FIRST Quantum Minerals director of operations Matt Pascall says massive job layoffs especially on the Copperbelt are a result of frequent changes to mine tax laws, which hurt investors.

And Pascall says there is evidence to show that Zesco’s installation of two new additional turbines at Kariba North Bank led to increased load-shedding as they were used outside normal plans.

Meanwhile, Pascall says most taxes from private companies do not help the government create new jobs as they just go towards civil servants’ salaries and paying interest on Eurobonds.

Speaking at the just-ended sixth ZIMEC conference, Pascall said at least eight significant changes to the mining fiscal regime seen since 2008 had severely weakened investor confidence in the country’s lifeblood.

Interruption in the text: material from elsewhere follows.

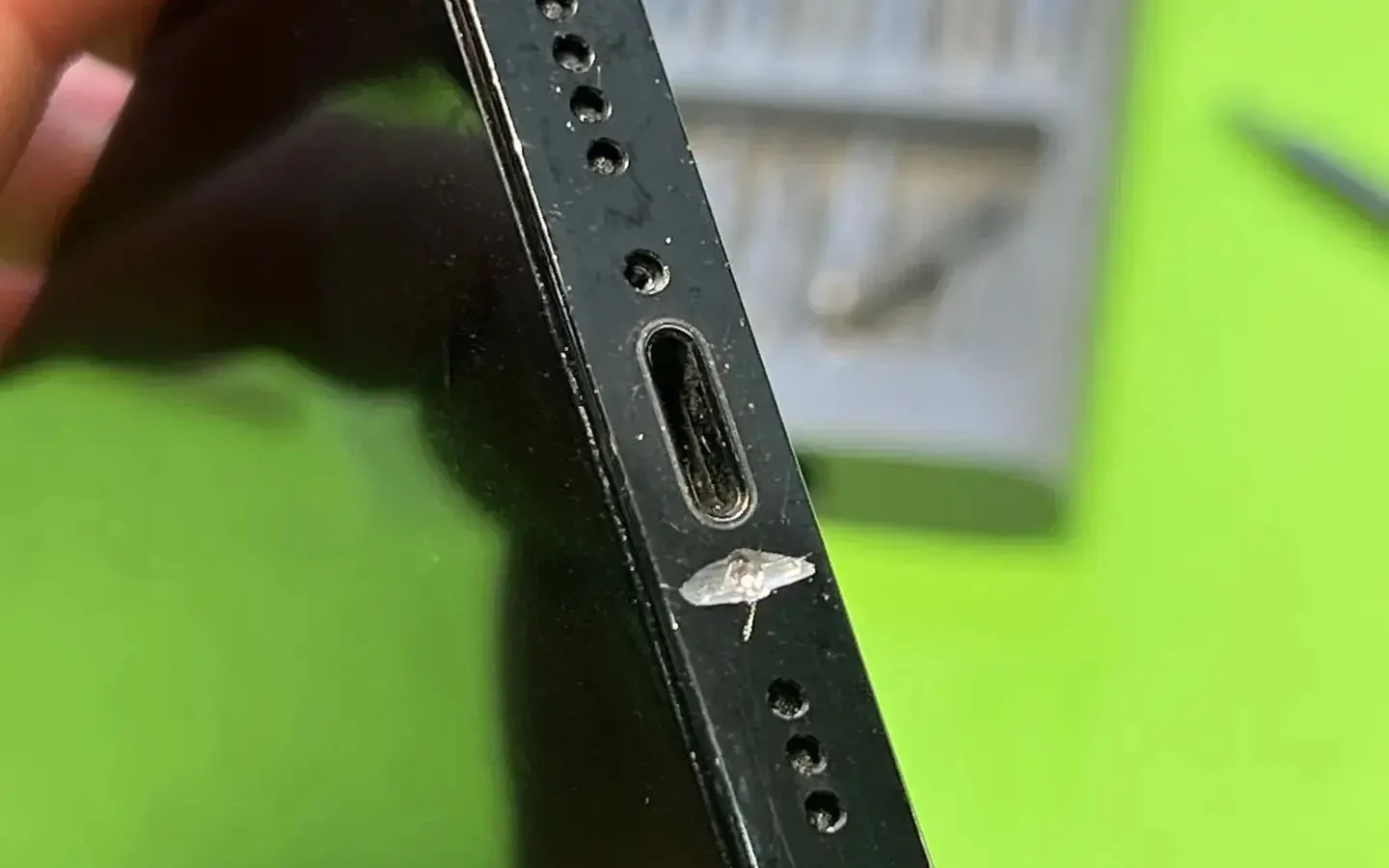 Чёрный iPhone в пальцах повёрнут нижним торцом к камере: в центре гнездо, по бокам решётки динамика и микрофона, сзади на зелёном коврике лежит набор отвёрток.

He said the real problem with frequent mine tax changes had been the instability and unfavourable investment climate created, which had discouraged investors from making further investments in the mining sector.

“Since 2008, there has been some wobbles and those wobbles have continued and more recently have contributed to disinvestments as you have seen with massive job layoffs on the Copperbelt,” Pascall said.

He also said it was not correct to measure the industry performance by the amount of taxes it paid to the government but to include its direct contributions to the country’s economy such as through jobs and other supporting industries.

According to Pascall, in the last eight years, Kansanshi Gold and Copper Mines had paid US$3.2 billion in taxes, which excluded the US$270 million Zambia Revenue Authority (ZRA) owed it in VAT refunds.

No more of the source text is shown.